29 Jun, 2014 - 06:06 0 Views

The Sunday Mail

Harare City Council has computerised its traffic management system to improve ticketing, data capturing and management as it has emerged that some public transporters and private motorists have accumulated up to 15 unpaid tickets for various road offences.
Since last week – in conjunction with the police, Zinara and Zimra – the council has been checking impounded vehicles against unpaid tickets, expired licence discs, lapsed tax certificates and other road traffic offences.

Harare City Council spokesman Mr Leslie Gwindi said the computerisation would go a long way to improving ticketing and the municipality estimated collections of over US$500 000 in outstanding fines.

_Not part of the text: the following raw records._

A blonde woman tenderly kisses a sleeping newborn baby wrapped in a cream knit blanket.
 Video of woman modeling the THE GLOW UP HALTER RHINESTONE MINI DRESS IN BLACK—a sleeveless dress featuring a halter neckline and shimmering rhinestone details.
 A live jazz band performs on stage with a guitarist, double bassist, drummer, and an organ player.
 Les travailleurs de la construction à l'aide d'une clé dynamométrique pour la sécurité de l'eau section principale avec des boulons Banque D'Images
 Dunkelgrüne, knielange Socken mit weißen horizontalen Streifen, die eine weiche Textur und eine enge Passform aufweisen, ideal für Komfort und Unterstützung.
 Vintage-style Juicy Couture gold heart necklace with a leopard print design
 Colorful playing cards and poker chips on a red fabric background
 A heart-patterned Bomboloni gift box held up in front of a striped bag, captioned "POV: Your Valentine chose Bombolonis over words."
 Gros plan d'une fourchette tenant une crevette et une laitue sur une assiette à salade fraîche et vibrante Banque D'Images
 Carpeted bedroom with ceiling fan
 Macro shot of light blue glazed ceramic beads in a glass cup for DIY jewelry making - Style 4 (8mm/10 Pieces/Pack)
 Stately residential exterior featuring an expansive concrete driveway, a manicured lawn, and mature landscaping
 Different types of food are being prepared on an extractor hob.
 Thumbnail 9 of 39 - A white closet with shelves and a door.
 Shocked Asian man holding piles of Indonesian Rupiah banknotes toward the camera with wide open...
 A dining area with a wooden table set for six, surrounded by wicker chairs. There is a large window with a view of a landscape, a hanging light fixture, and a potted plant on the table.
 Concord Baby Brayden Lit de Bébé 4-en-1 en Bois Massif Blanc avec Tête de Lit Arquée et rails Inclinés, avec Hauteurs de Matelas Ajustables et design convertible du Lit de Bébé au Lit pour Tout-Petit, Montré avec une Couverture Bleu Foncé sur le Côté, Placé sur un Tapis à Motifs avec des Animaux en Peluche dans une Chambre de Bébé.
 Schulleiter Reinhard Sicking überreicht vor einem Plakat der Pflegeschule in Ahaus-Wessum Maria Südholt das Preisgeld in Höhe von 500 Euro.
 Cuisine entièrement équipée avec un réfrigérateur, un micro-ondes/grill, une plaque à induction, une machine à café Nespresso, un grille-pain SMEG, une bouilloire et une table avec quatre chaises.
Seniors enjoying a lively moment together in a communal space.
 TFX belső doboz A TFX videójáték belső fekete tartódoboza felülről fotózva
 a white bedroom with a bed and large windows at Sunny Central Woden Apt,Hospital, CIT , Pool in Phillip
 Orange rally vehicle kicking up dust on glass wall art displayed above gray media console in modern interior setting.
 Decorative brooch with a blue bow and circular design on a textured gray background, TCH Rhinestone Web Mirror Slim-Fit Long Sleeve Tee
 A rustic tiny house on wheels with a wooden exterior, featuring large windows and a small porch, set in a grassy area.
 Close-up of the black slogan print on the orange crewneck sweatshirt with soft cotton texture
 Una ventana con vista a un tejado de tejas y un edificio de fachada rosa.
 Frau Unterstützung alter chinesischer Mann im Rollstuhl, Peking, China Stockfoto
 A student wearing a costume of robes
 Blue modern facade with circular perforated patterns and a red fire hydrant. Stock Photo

“We have implemented the traffic management module onto the BIQ (computer system) . . . We discovered, during the vetting exercise, that some kombi operators and motorists have accumulated over 15 unpaid tickets. They have to clear all the tickets to have their vehicles released.”

Mr Gwindi said the city had realised US$293 000 from 7 000 tickets captured in the BIQ system.
“We expect to capture another 10 000 tickets onto the BIQ. They are valued at over US$500 000.”

According to council the offences range from touting, obstruction, and picking and dropping passengers at illegal points.
Mr Gwindi also said the system would help the city’s traffic officers maintain a database of offenders.

“We hope this new method resonates with what the people have always been clamouring for. We have taken time to listen to the people and we think we are doing what they want,” said Mr Gwindi.

The city has deployed officers at road intersections to record number plates of vehicles flouting the law.
The drivers are then either arrested at roadblocks or when their vehicles are clamped and towed to the City Central Stores.

This is likely to resonate well with a public that has largely been furious with the practice of engaging in high-speed chases with traffic offenders, some of which have ended with fatalities and loss of property.